Google Illuminate recently also introduced a customization feature. I use this customization with it:
audience=technical, duration=long, tone=professional & engaging
Not an improvement for me. I've been instructing NotebookLM for weeks now already by including the instructions into the sources. That way I have version control on my prompts and can easily drag into the sources upload. This requires finding my instructions and copying and pasting, there's also a 500 character limit which is very small, I have over 2000 characters for my standard prompts.
I think it's an easy affordance for those users who are just interested in the basic functionality of the product.
However like you I cottoned on early that one could put a "Podcast Production Notes.txt" in each one of my Notebooks that allowed me to really put some horsepower behind the generated audio :D
Really wish there was an API so I can upload my content and connect it to my website to make it interactive for my potential clients.
I want the HN comment section as a podcast
That could actually be a top quality podcast - well moderated content from thoughtful people, many subject matter experts, with mostly thoughtful discussion.. (I read hn for the comments..) sounds good to me.
> With over 80,000 organizations already using NotebookLM
Really. "Using"? (as in an email from an org owned domain logged in to notebooklm page?..)
In a sea of similar tools, Google seems to have struck on something semi-viral with NotebookLM. Output can be mediocre, but with the bar for many podcasts being set at "read pages from Wikipedia", that's not bad at all for zero effort.
https://trends.google.com/trends/explore?geo=US&q=NotebookLM...
The 100 baseline on that graph is the highest attention the term has received, and it correlated with a launch and has since decreased.

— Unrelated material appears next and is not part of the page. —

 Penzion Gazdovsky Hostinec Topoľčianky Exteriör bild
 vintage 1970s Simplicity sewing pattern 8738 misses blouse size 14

Google never has problems with first the first few millions for consumer-launched tools. They have problems with the first few millions of net profit almost 100% of the time and shut it down a few years later.
But I do agree this is a good play for Google, it plays to their strengths.
> The 100 baseline on that graph is the highest attention the term has receive
Good point. I couldn't come up with a well-enough known competing tool to compare against.
I really wish it had more voices, notebooklm-guy and notebooklm-girl get tiring
Now that NotebookLM has gone from "small experiment" to "moderate viral success", I expect all kinds of roadmaps are being drawn up to use it to hook users into the broader Google AI ecosystem (e.g. automatically add images and illustrations by Imagen 3, etc.
Definitely hear what you are saying but I personally think it is for the best that they are instantly recognizable as NotebookLM podcasters. Especially as this makes the rounds on the internet. If you could manipulate the voices it would just make it more challenging to detect if a "Podcast" is using this tool.
I realize now that this is actually a clever way to collect training data. If it were any company other than Google, I'd be like, Awesome toy. With them, I am uneasy.
One day too late. ^-^
Is there an open source tool that copies NotebookLM yet, or did anyone dig a bit into how the prompting is done to generate output in this dialogue format?
Check out this prompt: https://github.com/souzatharsis/podcastfy/blob/6ad5734c3ffb5...
I’ve recently started using NotebookLM and I wish either it was from any other company besides Google or that Google would charge for it.
Google has the attention span and product focus of a crack addled flea. I’m afraid the entire project will be killed.
NotebookLM is a great product. I just started using it this week to ingest artifacts for a new project and get an overview.
0919553550
Ahh excellent! Podcast listings and Youtube weren't filling up with quite enough AI slop yet.